DATA FOR ANALYSIS:
* * *

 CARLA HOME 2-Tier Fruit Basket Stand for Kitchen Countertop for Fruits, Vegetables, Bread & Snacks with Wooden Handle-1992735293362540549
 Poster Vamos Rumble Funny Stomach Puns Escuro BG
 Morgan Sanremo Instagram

* * *

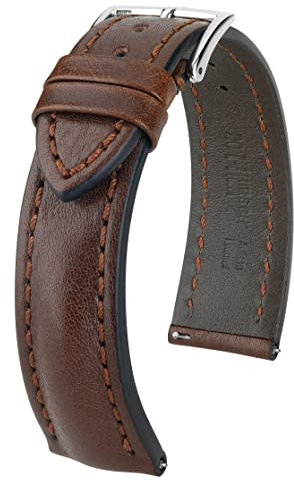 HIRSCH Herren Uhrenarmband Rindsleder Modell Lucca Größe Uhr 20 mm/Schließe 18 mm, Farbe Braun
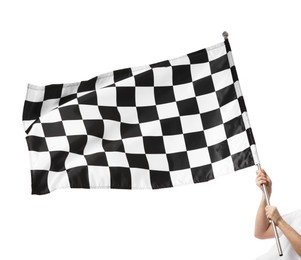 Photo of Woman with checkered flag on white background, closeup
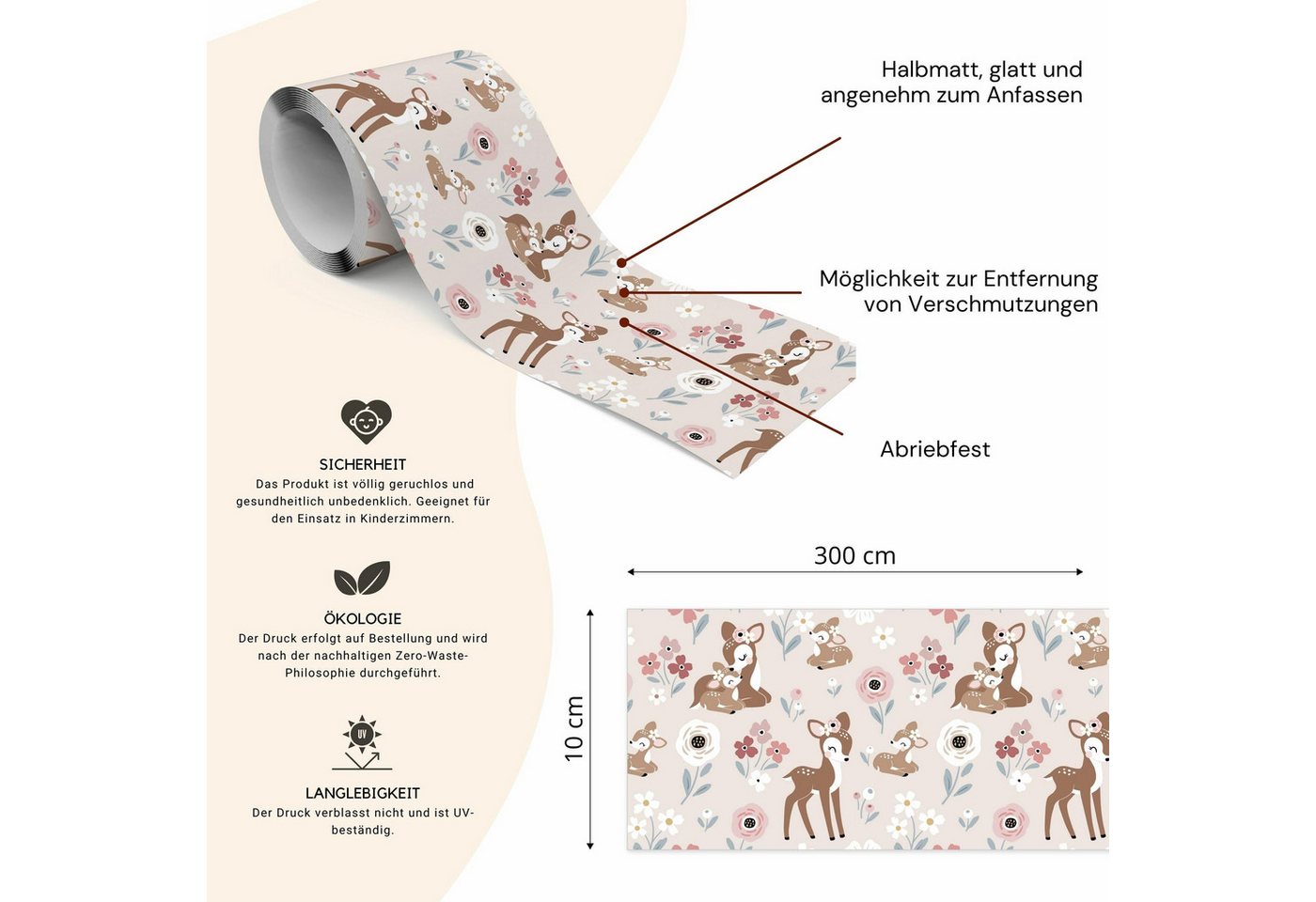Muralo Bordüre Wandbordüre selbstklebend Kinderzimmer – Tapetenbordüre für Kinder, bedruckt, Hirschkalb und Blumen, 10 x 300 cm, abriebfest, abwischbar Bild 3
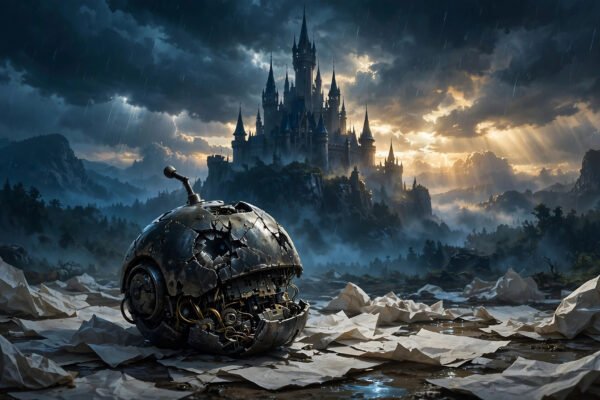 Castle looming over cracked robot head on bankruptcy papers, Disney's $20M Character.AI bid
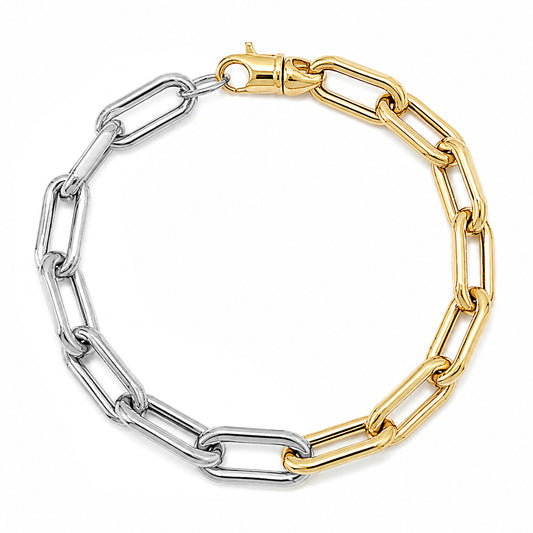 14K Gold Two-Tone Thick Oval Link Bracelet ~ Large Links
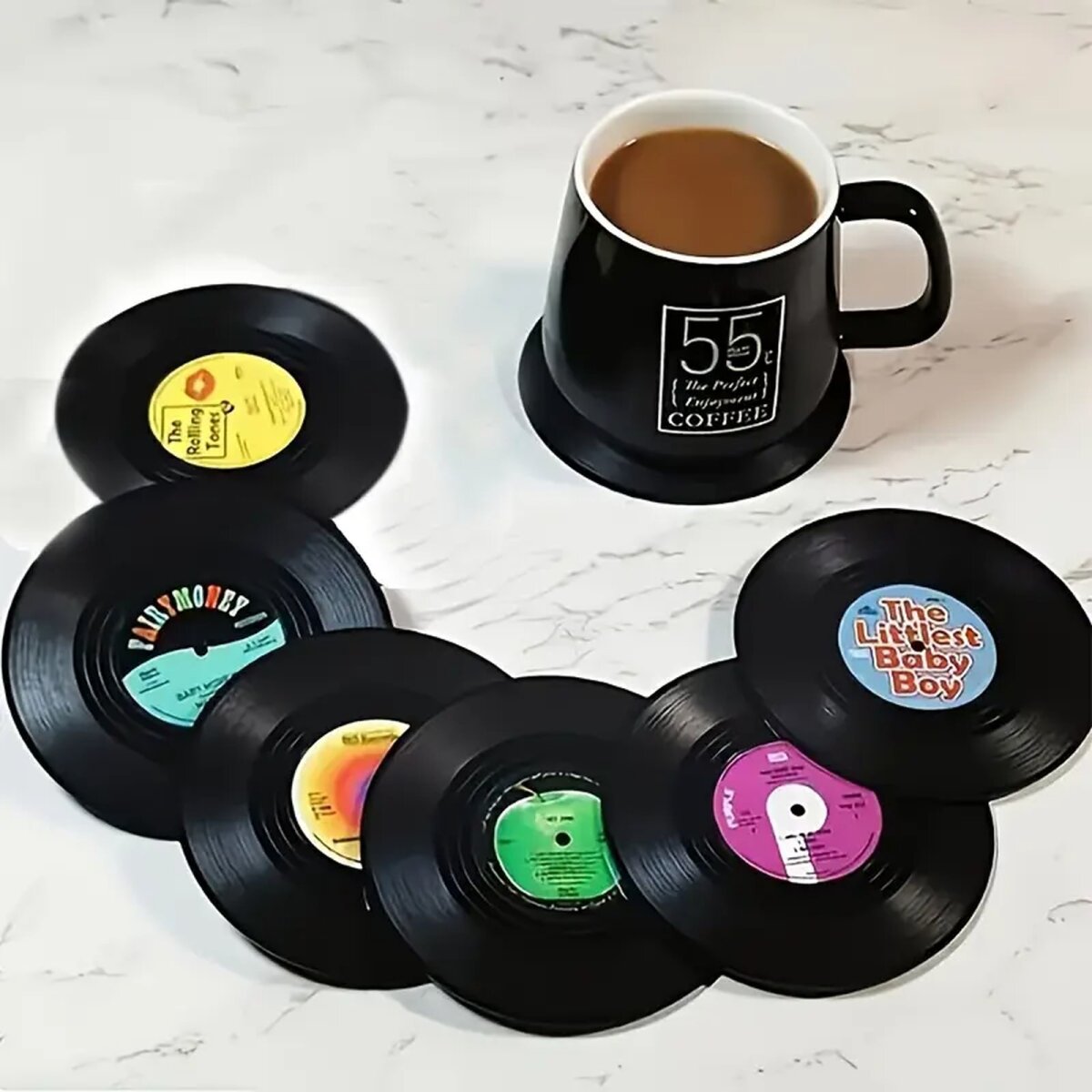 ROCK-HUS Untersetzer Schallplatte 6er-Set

* * *

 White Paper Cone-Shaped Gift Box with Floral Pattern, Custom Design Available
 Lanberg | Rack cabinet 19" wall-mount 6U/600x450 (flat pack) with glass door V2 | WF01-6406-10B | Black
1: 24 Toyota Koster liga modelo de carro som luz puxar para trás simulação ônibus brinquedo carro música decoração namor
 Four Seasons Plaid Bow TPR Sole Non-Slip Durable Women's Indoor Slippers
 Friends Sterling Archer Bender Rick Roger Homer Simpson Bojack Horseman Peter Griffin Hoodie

* * *

Give back the records above exactly, limited to the lines between the one holding "CARLA HOME 2-Tier" and the one holding "Morgan Sanremo Instagram", inclusive.

COMPLETED TASK:
 CARLA HOME 2-Tier Fruit Basket Stand for Kitchen Countertop for Fruits, Vegetables, Bread & Snacks with Wooden Handle-1992735293362540549
 Poster Vamos Rumble Funny Stomach Puns Escuro BG
 Morgan Sanremo Instagram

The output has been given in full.